The appeal was considered on the record from the United States District Court for the District of Columbia and on the briefs filed by the parties and arguments by counsel. After full review of the case, the court is satisfied that appropriate disposition of the appeal does not warrant an opinion. See D.C. Cir. Rule 14(c). For the reasons stated in the accompanying memorandum it is

ORDERED and ADJUDGED that the judgment of the District Court be affirmed.

The Clerk is directed to withhold issuance of the mandate herein until seven days after disposition of any timely petition for rehearing. See D.C. Cir. Rule 15.


Police found Wayne Davis in a townhouse full of narcotics, firearms and the paraphernalia of a narcotics enterprise. He and six others also discovered there were jointly tried in the District Court and convicted on three narcotics counts (possession with intent to distribute cocaine, marijuana and more than 50 grams of a substance containing cocaine base, in violation of 21 U.S.C. §§ 841(a) (1), 841(b) (1)) as well as a predicate firearms count under 18 U.S.C. § 924(c). In this appeal, Davis claims that the evidence before the jury was insufficient to support his convictions, and that the testimony of one officer, John Seiler, was constitutional error.1  We reject both claims.
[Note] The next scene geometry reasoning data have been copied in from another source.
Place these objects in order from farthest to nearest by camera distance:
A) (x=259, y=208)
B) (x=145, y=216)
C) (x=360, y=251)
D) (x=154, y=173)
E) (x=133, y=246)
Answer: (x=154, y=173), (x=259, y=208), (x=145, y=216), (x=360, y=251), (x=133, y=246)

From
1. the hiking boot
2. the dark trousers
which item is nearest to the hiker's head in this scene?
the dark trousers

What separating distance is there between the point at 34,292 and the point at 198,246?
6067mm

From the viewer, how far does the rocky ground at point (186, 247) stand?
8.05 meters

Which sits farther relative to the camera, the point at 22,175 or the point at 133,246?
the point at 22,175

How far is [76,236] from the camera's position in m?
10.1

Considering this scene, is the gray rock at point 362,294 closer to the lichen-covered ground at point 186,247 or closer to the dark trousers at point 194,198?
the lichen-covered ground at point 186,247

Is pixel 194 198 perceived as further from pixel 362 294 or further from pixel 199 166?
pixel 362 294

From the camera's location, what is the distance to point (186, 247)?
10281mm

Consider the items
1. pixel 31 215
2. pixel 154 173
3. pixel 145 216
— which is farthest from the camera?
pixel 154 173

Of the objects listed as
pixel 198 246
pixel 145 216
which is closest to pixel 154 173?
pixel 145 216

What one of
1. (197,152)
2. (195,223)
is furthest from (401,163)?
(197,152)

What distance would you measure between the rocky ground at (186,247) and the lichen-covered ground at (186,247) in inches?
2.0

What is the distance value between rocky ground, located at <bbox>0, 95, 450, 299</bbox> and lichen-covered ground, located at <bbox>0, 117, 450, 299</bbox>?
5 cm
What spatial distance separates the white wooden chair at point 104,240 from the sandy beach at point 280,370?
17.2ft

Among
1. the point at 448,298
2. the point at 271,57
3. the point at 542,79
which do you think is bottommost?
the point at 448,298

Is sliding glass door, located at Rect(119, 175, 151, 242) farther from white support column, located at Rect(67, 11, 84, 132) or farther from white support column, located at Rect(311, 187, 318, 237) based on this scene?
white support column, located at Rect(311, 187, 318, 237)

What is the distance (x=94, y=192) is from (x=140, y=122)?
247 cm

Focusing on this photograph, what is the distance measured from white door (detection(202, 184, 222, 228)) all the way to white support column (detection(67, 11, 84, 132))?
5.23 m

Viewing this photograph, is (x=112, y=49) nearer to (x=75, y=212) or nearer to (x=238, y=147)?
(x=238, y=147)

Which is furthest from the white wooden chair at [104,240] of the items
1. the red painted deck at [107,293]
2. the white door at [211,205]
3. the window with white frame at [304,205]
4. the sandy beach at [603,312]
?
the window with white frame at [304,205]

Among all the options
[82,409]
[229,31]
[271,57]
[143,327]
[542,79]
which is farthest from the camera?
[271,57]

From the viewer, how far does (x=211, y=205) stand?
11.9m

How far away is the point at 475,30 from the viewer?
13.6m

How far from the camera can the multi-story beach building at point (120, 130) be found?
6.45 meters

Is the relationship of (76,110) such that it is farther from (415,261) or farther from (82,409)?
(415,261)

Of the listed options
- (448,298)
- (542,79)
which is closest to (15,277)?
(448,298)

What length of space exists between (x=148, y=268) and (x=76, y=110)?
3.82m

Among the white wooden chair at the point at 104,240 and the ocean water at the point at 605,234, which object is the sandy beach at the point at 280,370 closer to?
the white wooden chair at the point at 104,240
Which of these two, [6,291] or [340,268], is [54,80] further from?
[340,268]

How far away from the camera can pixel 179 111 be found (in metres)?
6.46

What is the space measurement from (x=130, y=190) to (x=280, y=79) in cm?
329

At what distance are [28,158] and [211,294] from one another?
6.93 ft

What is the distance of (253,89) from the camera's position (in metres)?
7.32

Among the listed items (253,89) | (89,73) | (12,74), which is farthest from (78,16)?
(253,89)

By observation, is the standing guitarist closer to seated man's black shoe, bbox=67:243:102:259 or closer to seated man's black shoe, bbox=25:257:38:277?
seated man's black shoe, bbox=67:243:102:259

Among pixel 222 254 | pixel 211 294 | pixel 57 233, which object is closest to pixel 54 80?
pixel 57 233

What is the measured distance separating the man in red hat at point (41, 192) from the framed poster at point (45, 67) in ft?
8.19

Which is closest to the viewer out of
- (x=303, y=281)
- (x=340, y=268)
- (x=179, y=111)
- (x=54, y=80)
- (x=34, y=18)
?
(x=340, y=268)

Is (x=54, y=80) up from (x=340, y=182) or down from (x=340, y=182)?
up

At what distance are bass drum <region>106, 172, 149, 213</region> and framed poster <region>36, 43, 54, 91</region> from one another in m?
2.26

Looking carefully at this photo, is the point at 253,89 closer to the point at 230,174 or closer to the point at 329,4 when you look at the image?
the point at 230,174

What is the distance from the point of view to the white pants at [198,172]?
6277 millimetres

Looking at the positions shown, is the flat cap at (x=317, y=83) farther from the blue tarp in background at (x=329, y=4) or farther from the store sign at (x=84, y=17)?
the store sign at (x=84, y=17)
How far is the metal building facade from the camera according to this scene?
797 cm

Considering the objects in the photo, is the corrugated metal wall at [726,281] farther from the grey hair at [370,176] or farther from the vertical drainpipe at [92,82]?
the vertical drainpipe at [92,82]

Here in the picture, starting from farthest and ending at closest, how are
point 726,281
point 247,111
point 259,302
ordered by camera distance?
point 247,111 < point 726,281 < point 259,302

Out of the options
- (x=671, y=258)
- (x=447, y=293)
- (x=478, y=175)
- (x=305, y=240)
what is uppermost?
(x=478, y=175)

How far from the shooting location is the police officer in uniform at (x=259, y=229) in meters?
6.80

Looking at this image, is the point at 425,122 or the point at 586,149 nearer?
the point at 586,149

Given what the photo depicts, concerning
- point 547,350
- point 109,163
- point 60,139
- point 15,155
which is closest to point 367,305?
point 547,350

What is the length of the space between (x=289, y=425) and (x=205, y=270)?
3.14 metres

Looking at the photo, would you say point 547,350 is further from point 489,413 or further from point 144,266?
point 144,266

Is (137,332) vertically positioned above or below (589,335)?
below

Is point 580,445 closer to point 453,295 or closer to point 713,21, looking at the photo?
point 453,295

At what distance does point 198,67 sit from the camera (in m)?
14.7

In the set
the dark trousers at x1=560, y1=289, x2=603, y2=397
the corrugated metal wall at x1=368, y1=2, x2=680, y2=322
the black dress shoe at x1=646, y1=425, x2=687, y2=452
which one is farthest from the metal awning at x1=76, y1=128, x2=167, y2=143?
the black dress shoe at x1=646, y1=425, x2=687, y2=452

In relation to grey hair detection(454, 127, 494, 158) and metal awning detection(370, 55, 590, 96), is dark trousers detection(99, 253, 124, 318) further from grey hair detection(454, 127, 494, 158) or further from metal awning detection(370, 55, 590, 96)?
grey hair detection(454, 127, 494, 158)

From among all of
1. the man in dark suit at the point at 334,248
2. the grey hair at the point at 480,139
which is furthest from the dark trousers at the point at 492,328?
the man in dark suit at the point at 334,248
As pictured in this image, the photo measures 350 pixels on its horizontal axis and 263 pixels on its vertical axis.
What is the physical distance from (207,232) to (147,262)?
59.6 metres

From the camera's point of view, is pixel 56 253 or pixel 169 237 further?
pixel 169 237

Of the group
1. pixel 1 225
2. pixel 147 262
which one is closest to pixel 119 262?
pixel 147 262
The police search party found Davis in a third-floor bedroom. 89 grams (gross) of cocaine, 9 grams (gross) of cocaine base, a scale, "cutting" agents and assorted packaging materials were lying in plain view. Almost 175 grams of marijuana, some of it divided into small bags, as well as ammunition, a holster and a radio scanner were hidden in the room. Moreover, three officers who were outside the townhouse at the beginning of the search testified that they saw someone wearing a distinctively-marked shirt throw several firearms from another room on the third floor; Davis was then found to be wearing that shirt.

A reasonable juror could surely decide that Davis indeed discarded those weapons. This fact, together with Davis' presence in plain view of narcotics and various other factors of narcotics distribution, was sufficient to establish beyond a reasonable doubt that Davis constructively possessed with intent to distribute the cocaine, cocaine base and marijuana found in the third floor bedroom, and that he "used or carried" firearms during this crime. See United States v. Gibbs, 904 F.2d 52, 57-58 (D.C. Cir. 1990) (defendant's furtive action made his presence near drugs inculpatory); United States v. Dunn, 846 F.2d 761, 763-64 (D.C. Cir. 1988) (same); United States v. James, 764 F.2d 885, 889 (D.C. Cir. 1985) (same).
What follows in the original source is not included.